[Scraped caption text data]
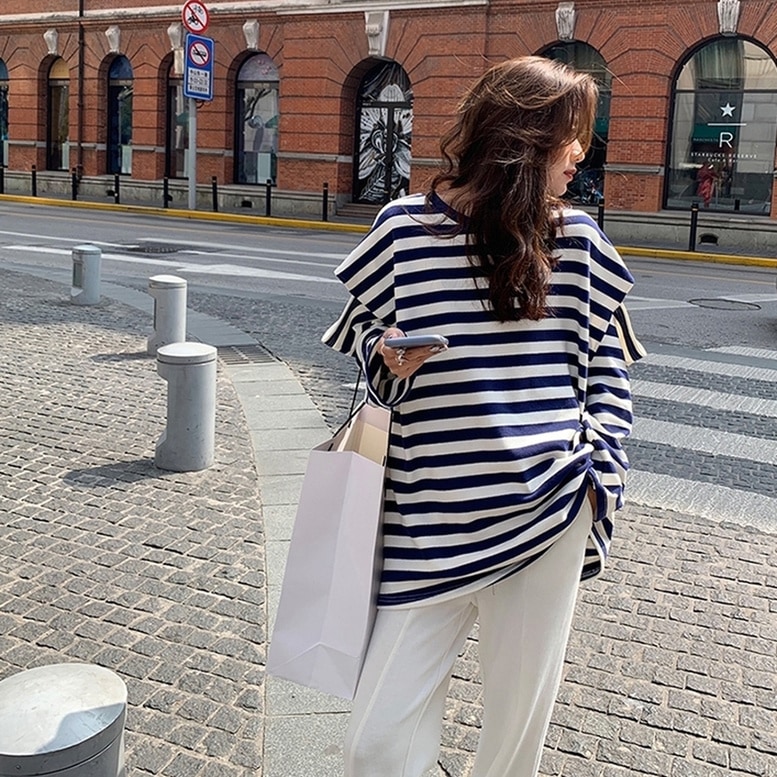 2color ボーダー柄オープンショルダートップス 肩あきボーダーTシャツ トップス Tシャツ シャ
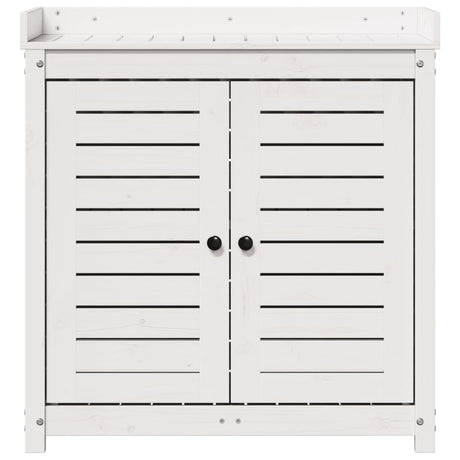 Potting Table With Shelves 82.5X50X86.5 Cm Solid Wood Pine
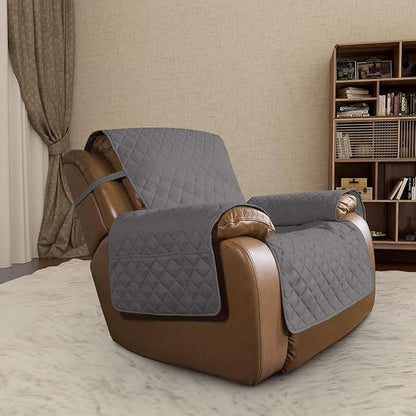 Easy-Going Oversized Recliner Cover Reversible Couch Cover Sofa Cover for Living Room Water Resistant Furniture Protector with Elastic Straps for Pets Dog (Oversized Recliner, Gray/Gray)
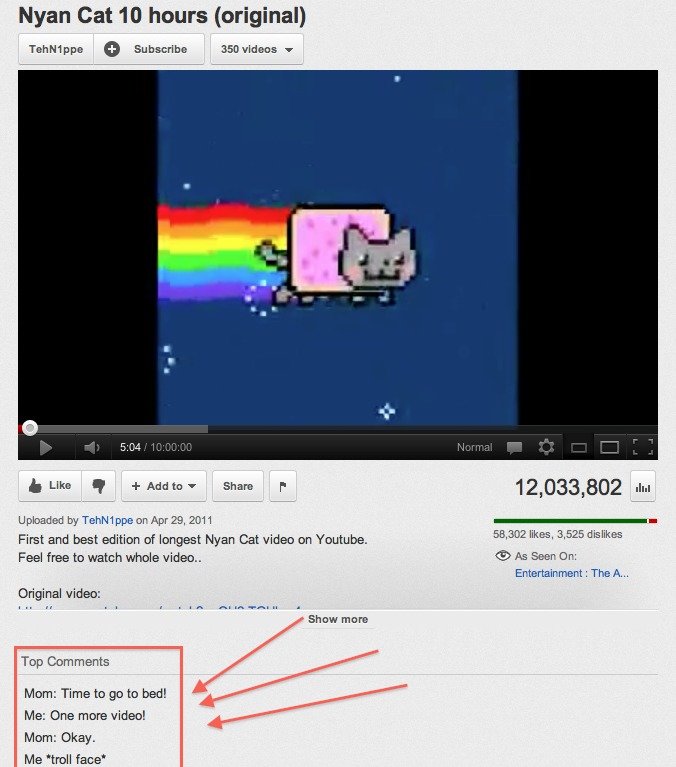 Troll Nyan Cat. Something I found on youtube on nyan cat day. Nyan hours (original) ll) Subscribe _ i Like Q + Add tea v Sharer r 1 2, 033, 802 d... Uploaded by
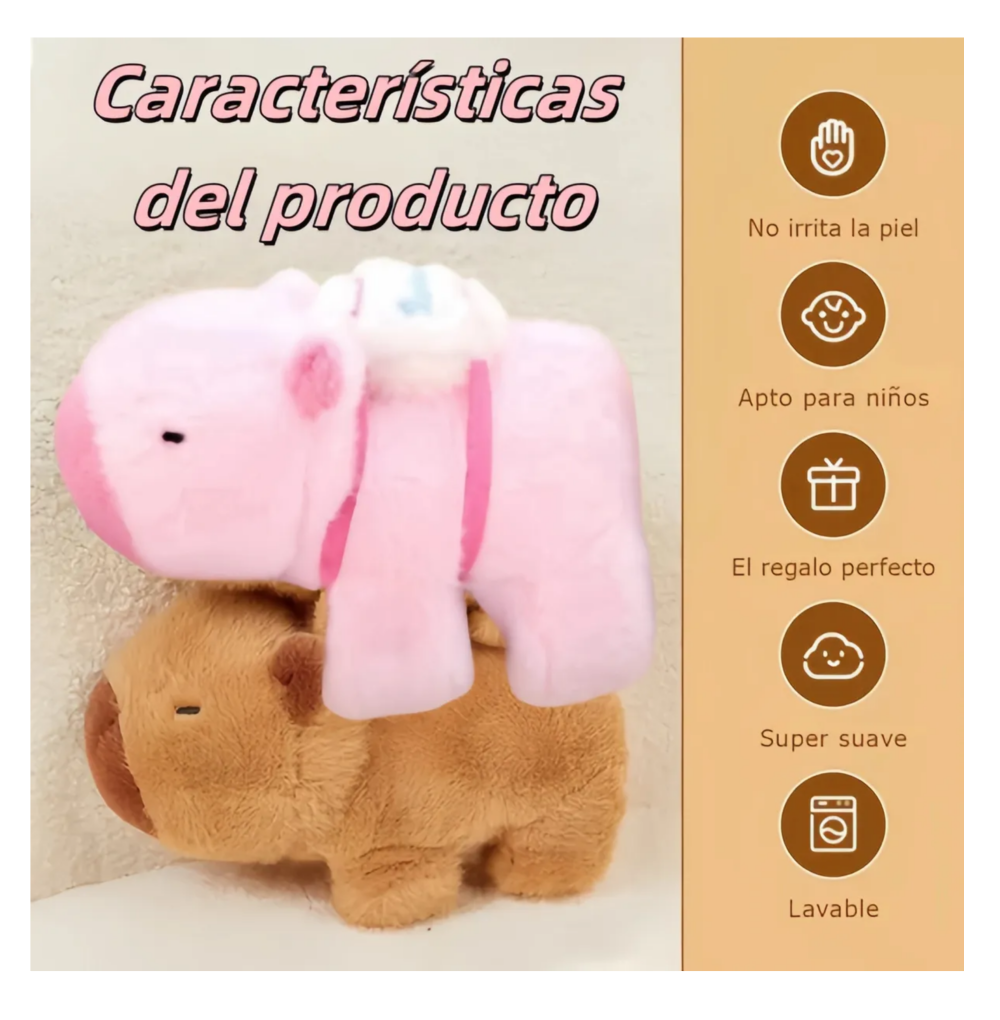 Foto 6 pulgar | 2pz Capibaras Peluche Lab.g, Rosa Cafe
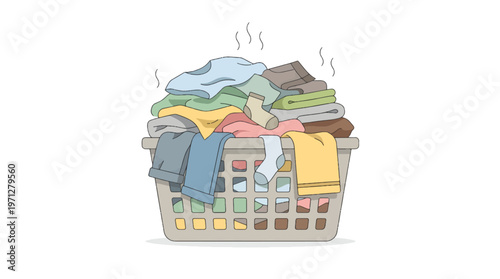 Overflowing Laundry Basket with Dirty Clothes Flat Vector Illustration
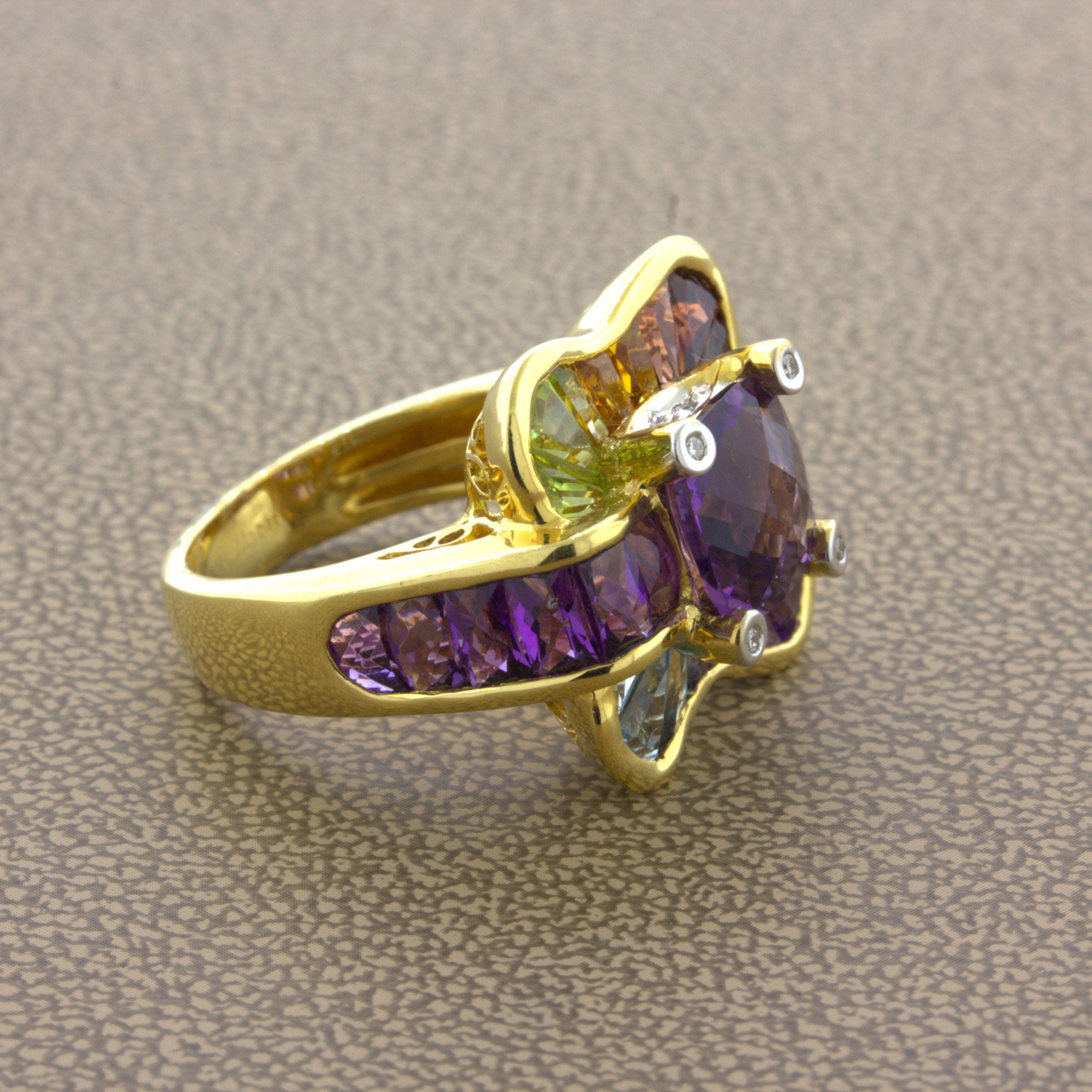 Bellarri Amethyst Diamond Multi-Color Gemstone 18K Yellow Gold Ring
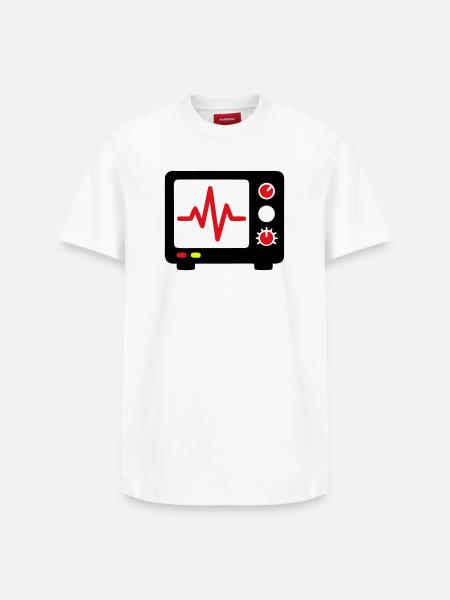ECG Monitor Heartbeat Medicine - Relaxed Unisex Supima Cotton T-Shirt – by SPREAD - white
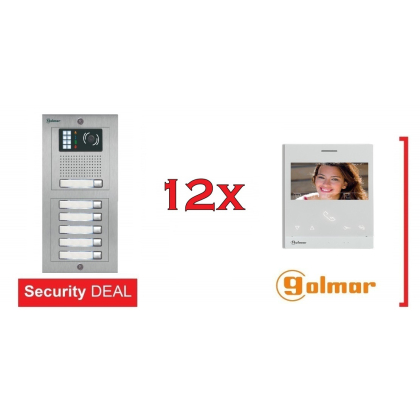 GOLMAR Έγχρωμη Θυροτηλεόραση 12 Διαμερισμάτων NEXA INOX+12x Art4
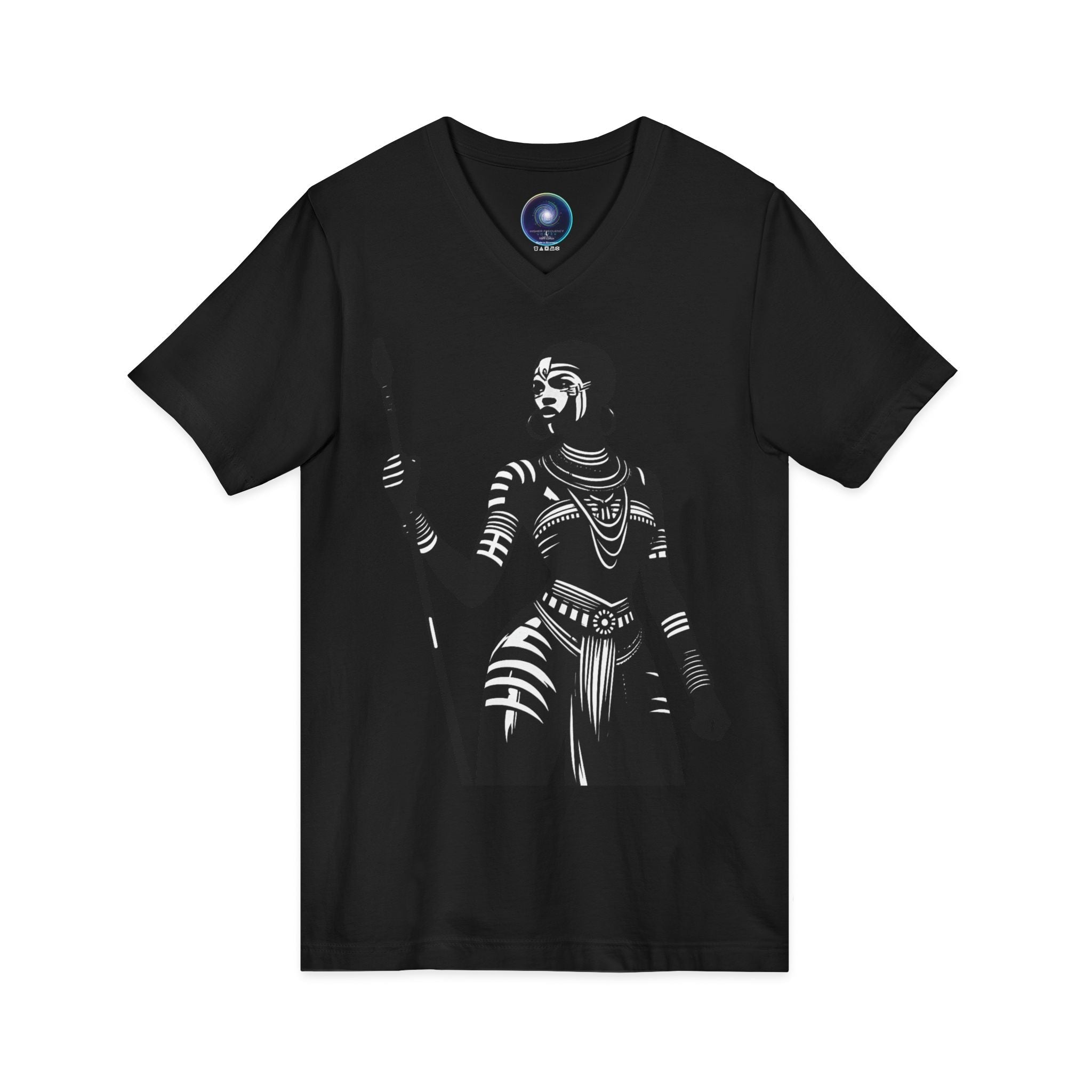 Warrior Queen Graphic V‑Neck Tee — Tribal Spear Art T‑Shirt Printify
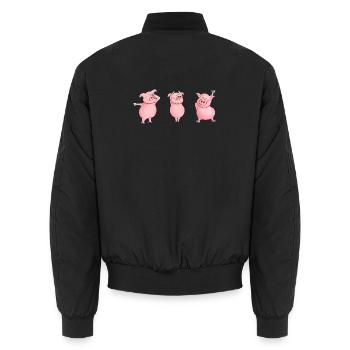Cochon grassouillet - Bomber unisexe - noir - Dos - AI Model Male 185 light (185cm)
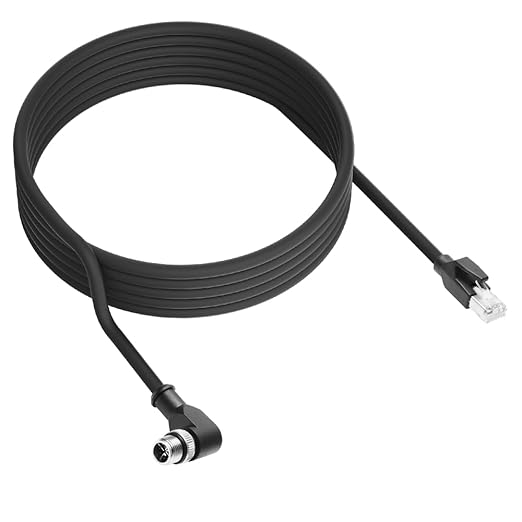 Alvin's Cables M12 X-Code 8 Pin Male to RJ45 Ethernet Cable for Cognex Keyence Camera, High-Flex Cat6a Cable for Industrial Automation, Fieldbus Module, Robotics, Right Angle 9.84ft/3m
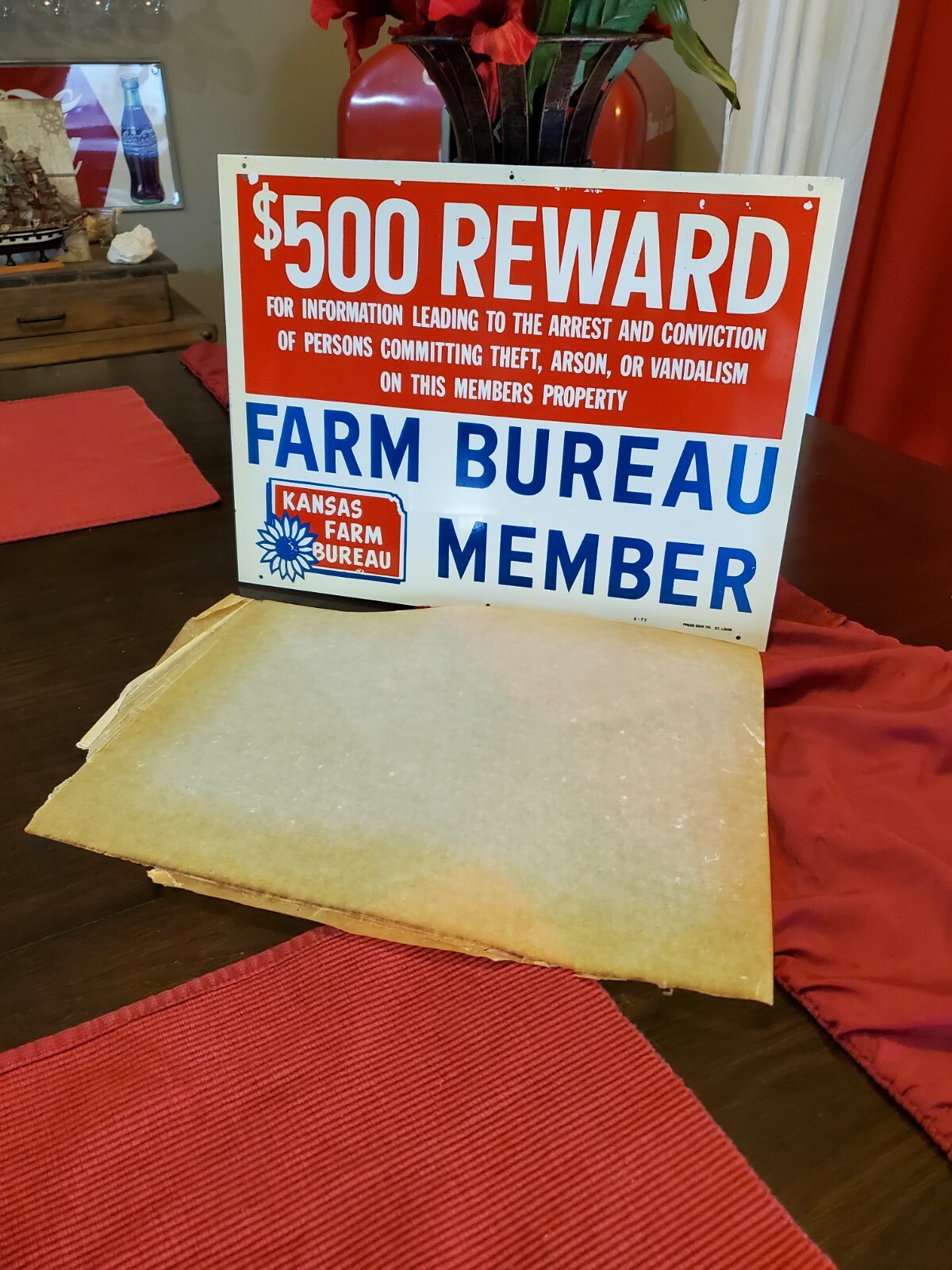 $500 Reward Kansas Farm Bureau METAL SIGN 16 In X 12 In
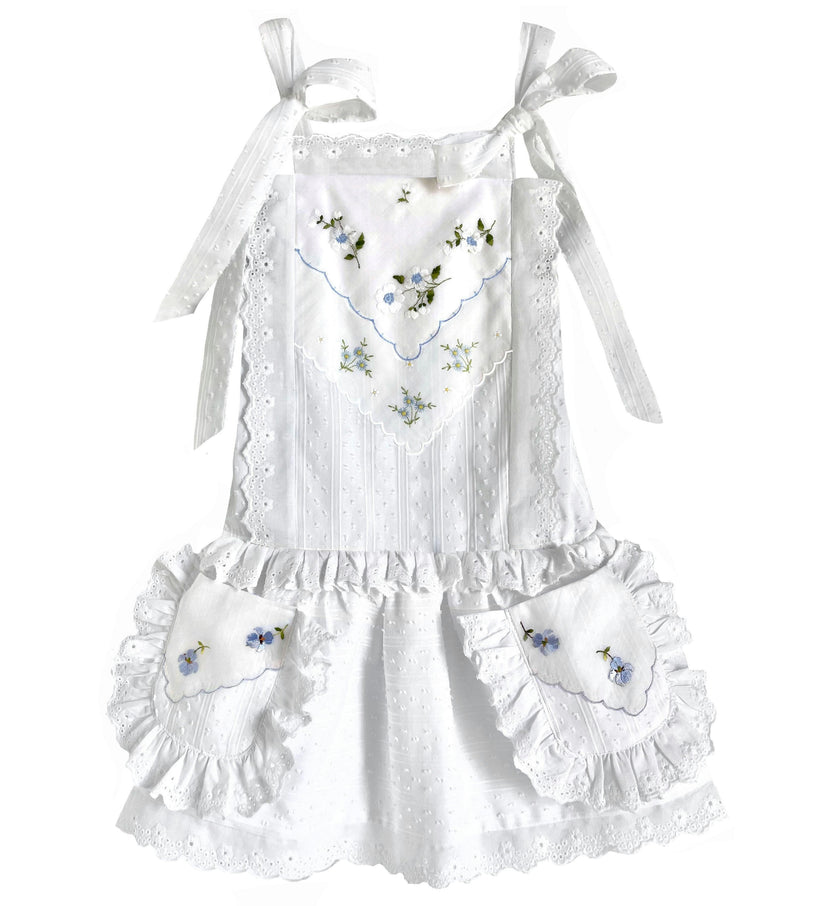 6y Drop-Waist Handkerchief Dress - Pastel Blue Flower Garden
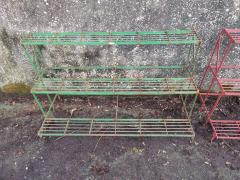Four French Mid Century Rectangular Iron Garden Plant Pot Shelves or Stands - 4186933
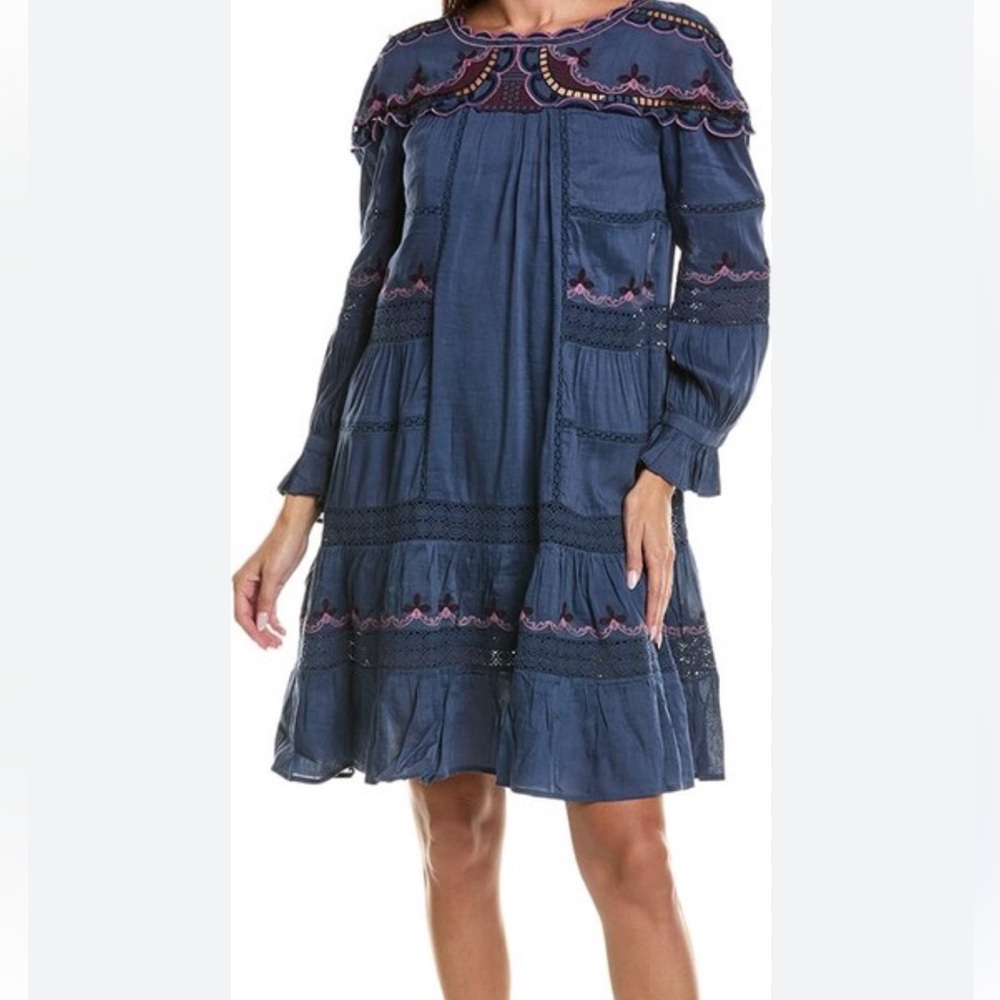 Johnny Was NWT Reina Embroidered Lined Linen Long Sleeve Tiered Dress Small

### Task goal
Write out, word for word, the stretch of entries that begins at the line with "Foto 6 pulgar" and ends at the line with "6y Drop-Waist Handkerchief". Pictures do not belong in it.

### Written answer
 Foto 6 pulgar | 2pz Capibaras Peluche Lab.g, Rosa Cafe
 Overflowing Laundry Basket with Dirty Clothes Flat Vector Illustration
 Bellarri Amethyst Diamond Multi-Color Gemstone 18K Yellow Gold Ring
ECG Monitor Heartbeat Medicine - Relaxed Unisex Supima Cotton T-Shirt – by SPREAD - white
 GOLMAR Έγχρωμη Θυροτηλεόραση 12 Διαμερισμάτων NEXA INOX+12x Art4
 Warrior Queen Graphic V‑Neck Tee — Tribal Spear Art T‑Shirt Printify
Cochon grassouillet - Bomber unisexe - noir - Dos - AI Model Male 185 light (185cm)
 Alvin's Cables M12 X-Code 8 Pin Male to RJ45 Ethernet Cable for Cognex Keyence Camera, High-Flex Cat6a Cable for Industrial Automation, Fieldbus Module, Robotics, Right Angle 9.84ft/3m
 $500 Reward Kansas Farm Bureau METAL SIGN 16 In X 12 In
 6y Drop-Waist Handkerchief Dress - Pastel Blue Flower Garden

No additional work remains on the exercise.